Dans la quatrième partie (structure en quatre parties par ailleurs assez peu compréhensible), deux nouvelles ont une tonalité différente. Trois filles met en scène deux amies qui déambulent dans la célèbre librairie de livres d’occasion Strand, au coin de Broadway et de la 12° Rue. Elles remarquent une femme qui s’y promène incognito et qui se révèle être Marilyn Monroe. Pour préserver son anonymat, la narratrice lui propose d’acheter à sa place les livres qu’elle désire. Elle les remerciera en leur offrant un livre retiré de l’un de se sacs, Selected Poems of Marianne Moore.

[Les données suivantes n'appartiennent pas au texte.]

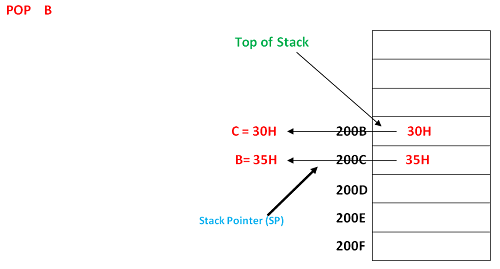 Machine Control instruction in 8085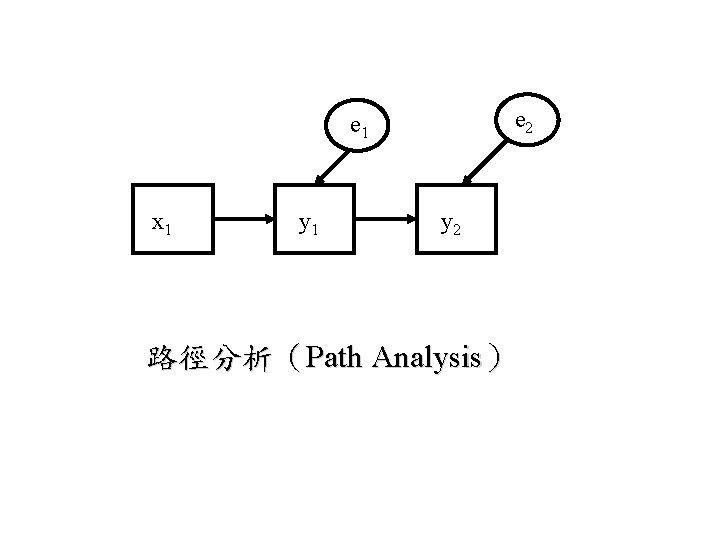 e 2 e 1 x 1 y 2 路徑分析（Path Analysis） 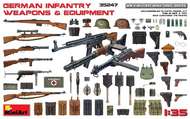  MiniArt Models  1/35 WWII German Infantry Weapons & Equipment MNA35247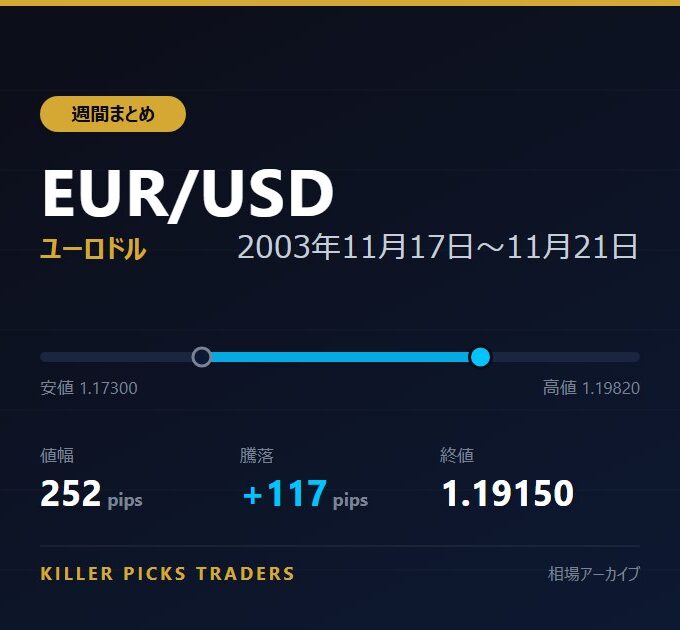 EUR/USD 2003年11月17日〜11月21日 値幅252pips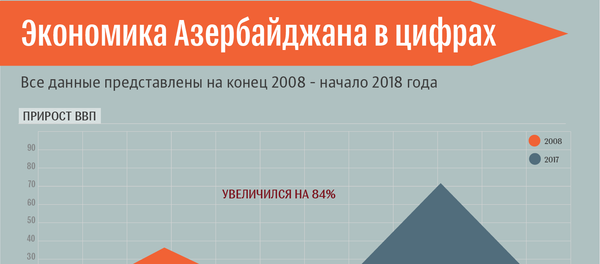 Экономика Азербайджана в цифрах Экономика Азербайджана в цифрах - Sputnik Азербайджан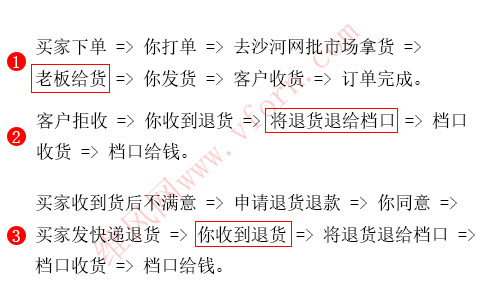 沙河服装网批市场拿货后我们如何去档口退货,服装网批退货注意事项哪些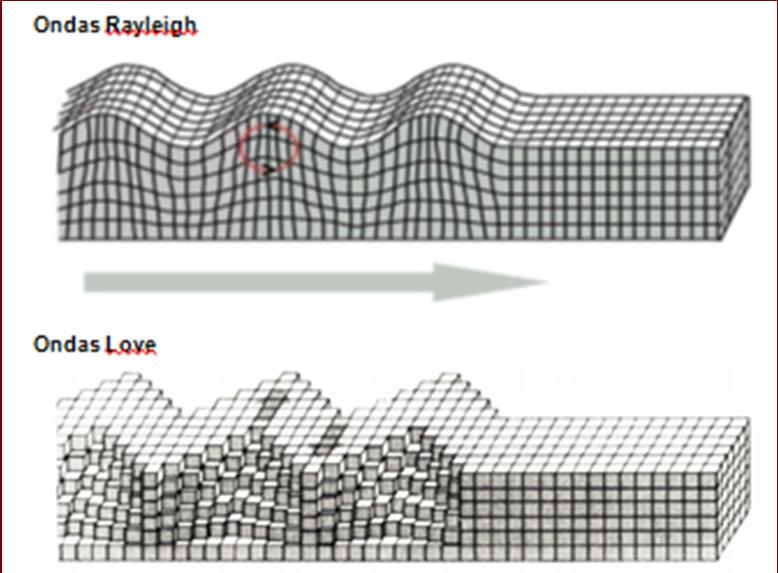 La Onda Rayleigh (R) u onda superficial tiene una velocidad muy cercana a la onda de corte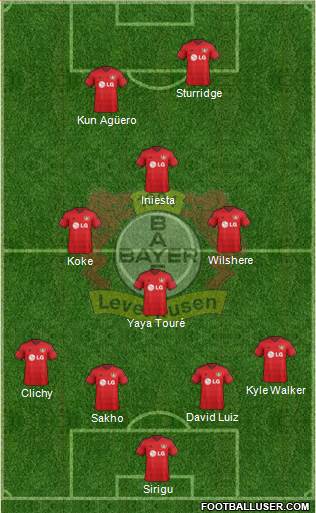 Bayer 04 Leverkusen Formation 2015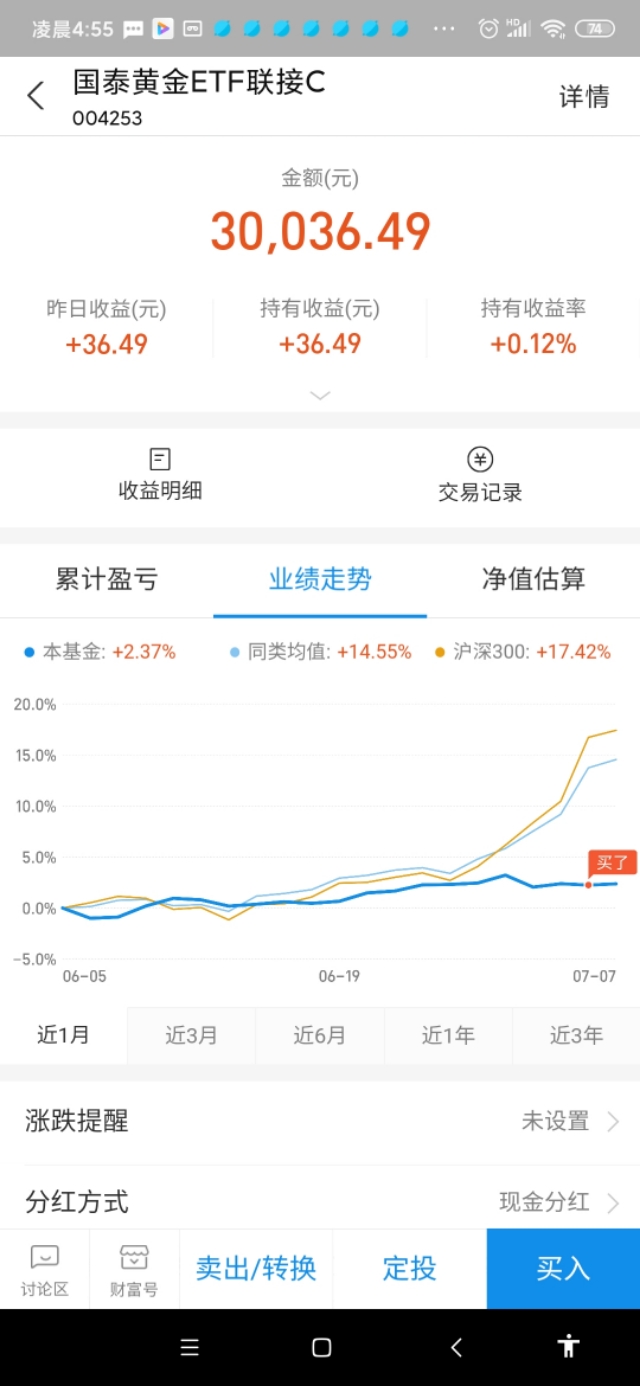 黄金看好，即将突破高位，我的相关基金吃肉又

Un « soir magique » qui signe le début d’un amour entre les deux amies. Une nouvelle d’autant plus émouvante au moment où l’on publie les Fragments de Marilyn, la star qui disait : « Seule. Je suis toujours seule, quoi qu’il arrive. » L’on sait par ailleurs que Joyce Carol Oates a consacré un ouvrage à Marylin, intitulé Blonde.

La seconde nouvelle de cette dernière partie, Les Mutants, décrit l’expérience terrifiante d’une jeune femme prisonnière d’un immeuble, le jour du 11 septembre. L’espoir est cependant présent lorsqu’elle découvre, au milieu de la nuit, « la lueur d’autre bougies, scintillantes comme des étoiles lointaines ».

Malgré la présence de ces deux dernières nouvelles, il me semble que le texte le plus emblématique soit le dixième, situé quasiment au milieu du recueil, et portant un titre inquiétant très symbolique (Le lac Wolf’s head). Constituée d’un peu plus de deux pages, cette nouvelle est la plus énigmatique. Au bord d’un lac de villégiature, la narratrice est « là, vivante ». Il y est question de « types qui apparaissent et disparaissent », d’une femme servant d’appât, d’une corde à linge solide sous le siège passager d’une voiture, de deux couteaux et de minces filets de sang. L’atmosphère est lourde, toute pleine de la menace d’un inconnu « tourn[ant] autour des cottages et cherchant l’entrée ».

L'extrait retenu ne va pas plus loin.